* Data supplied *
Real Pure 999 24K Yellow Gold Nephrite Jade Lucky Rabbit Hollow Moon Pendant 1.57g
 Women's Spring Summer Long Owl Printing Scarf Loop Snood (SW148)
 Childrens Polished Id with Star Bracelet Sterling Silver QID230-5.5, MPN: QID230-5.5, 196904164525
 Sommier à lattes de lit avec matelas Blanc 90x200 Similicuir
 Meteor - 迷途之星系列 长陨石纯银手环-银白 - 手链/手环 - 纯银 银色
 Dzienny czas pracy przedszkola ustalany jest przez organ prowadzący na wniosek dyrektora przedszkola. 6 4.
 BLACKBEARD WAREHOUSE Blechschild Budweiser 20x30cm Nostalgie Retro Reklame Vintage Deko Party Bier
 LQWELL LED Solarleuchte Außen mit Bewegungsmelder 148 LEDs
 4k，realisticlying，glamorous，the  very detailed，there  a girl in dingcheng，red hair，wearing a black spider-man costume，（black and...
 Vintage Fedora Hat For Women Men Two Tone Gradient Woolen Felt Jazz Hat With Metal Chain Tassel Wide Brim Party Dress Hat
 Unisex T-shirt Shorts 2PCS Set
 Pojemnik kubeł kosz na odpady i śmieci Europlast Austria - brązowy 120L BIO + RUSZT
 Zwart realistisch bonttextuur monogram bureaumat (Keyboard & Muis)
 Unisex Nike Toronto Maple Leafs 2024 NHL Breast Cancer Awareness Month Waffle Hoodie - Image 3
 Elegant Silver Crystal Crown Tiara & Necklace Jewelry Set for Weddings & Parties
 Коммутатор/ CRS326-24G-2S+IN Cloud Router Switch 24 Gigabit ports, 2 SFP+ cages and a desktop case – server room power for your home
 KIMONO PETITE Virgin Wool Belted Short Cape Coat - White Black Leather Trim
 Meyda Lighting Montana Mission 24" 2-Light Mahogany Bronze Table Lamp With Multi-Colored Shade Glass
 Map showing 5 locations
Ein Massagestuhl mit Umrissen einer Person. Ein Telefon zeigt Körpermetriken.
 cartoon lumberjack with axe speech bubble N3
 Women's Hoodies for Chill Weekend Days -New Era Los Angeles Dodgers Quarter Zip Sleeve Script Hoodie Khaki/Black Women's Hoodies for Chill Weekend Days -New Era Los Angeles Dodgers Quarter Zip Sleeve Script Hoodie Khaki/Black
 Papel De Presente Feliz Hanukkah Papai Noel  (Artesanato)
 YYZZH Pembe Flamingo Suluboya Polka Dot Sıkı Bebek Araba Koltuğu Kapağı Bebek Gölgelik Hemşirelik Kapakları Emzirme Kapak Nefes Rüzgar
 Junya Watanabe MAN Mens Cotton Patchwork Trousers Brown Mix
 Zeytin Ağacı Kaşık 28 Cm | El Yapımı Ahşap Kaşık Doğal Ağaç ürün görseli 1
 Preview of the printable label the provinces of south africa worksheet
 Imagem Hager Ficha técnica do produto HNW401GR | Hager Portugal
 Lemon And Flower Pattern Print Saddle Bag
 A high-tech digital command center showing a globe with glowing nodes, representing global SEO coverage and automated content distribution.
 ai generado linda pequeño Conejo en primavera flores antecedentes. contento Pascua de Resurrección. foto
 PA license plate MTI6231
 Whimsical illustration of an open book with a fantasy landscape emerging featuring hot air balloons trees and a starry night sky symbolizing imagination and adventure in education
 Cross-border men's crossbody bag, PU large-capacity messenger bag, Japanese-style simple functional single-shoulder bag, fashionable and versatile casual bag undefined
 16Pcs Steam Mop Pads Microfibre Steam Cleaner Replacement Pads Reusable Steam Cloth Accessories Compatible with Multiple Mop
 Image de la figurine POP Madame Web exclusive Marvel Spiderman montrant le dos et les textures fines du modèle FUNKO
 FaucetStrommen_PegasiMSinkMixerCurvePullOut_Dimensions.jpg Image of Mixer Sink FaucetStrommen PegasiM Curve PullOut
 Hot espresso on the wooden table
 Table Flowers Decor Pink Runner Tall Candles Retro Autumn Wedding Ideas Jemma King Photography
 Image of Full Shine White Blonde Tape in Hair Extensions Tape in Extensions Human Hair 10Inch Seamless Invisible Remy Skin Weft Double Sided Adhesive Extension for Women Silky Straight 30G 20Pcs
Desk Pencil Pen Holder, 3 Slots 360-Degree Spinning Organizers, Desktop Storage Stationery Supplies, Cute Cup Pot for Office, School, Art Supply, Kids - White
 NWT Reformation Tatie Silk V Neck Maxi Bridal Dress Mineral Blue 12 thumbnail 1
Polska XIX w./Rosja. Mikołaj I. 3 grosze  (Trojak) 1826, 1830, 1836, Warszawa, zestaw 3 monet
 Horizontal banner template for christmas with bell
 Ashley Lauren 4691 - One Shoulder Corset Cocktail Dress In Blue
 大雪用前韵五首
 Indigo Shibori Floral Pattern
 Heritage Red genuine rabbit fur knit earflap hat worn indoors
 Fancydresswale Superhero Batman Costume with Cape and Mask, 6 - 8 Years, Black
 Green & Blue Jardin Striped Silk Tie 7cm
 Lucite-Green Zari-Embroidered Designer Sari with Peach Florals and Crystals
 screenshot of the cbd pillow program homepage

* Activity *
What you give back must be the stretch above, starting at the line with "spider-man costume，（black and..." and ending at the line with "Ein Massagestuhl mit", copied exactly.

* Reply to the exercise *
 4k，realisticlying，glamorous，the  very detailed，there  a girl in dingcheng，red hair，wearing a black spider-man costume，（black and...
 Vintage Fedora Hat For Women Men Two Tone Gradient Woolen Felt Jazz Hat With Metal Chain Tassel Wide Brim Party Dress Hat
 Unisex T-shirt Shorts 2PCS Set
 Pojemnik kubeł kosz na odpady i śmieci Europlast Austria - brązowy 120L BIO + RUSZT
 Zwart realistisch bonttextuur monogram bureaumat (Keyboard & Muis)
 Unisex Nike Toronto Maple Leafs 2024 NHL Breast Cancer Awareness Month Waffle Hoodie - Image 3
 Elegant Silver Crystal Crown Tiara & Necklace Jewelry Set for Weddings & Parties
 Коммутатор/ CRS326-24G-2S+IN Cloud Router Switch 24 Gigabit ports, 2 SFP+ cages and a desktop case – server room power for your home
 KIMONO PETITE Virgin Wool Belted Short Cape Coat - White Black Leather Trim
 Meyda Lighting Montana Mission 24" 2-Light Mahogany Bronze Table Lamp With Multi-Colored Shade Glass
 Map showing 5 locations
Ein Massagestuhl mit Umrissen einer Person. Ein Telefon zeigt Körpermetriken.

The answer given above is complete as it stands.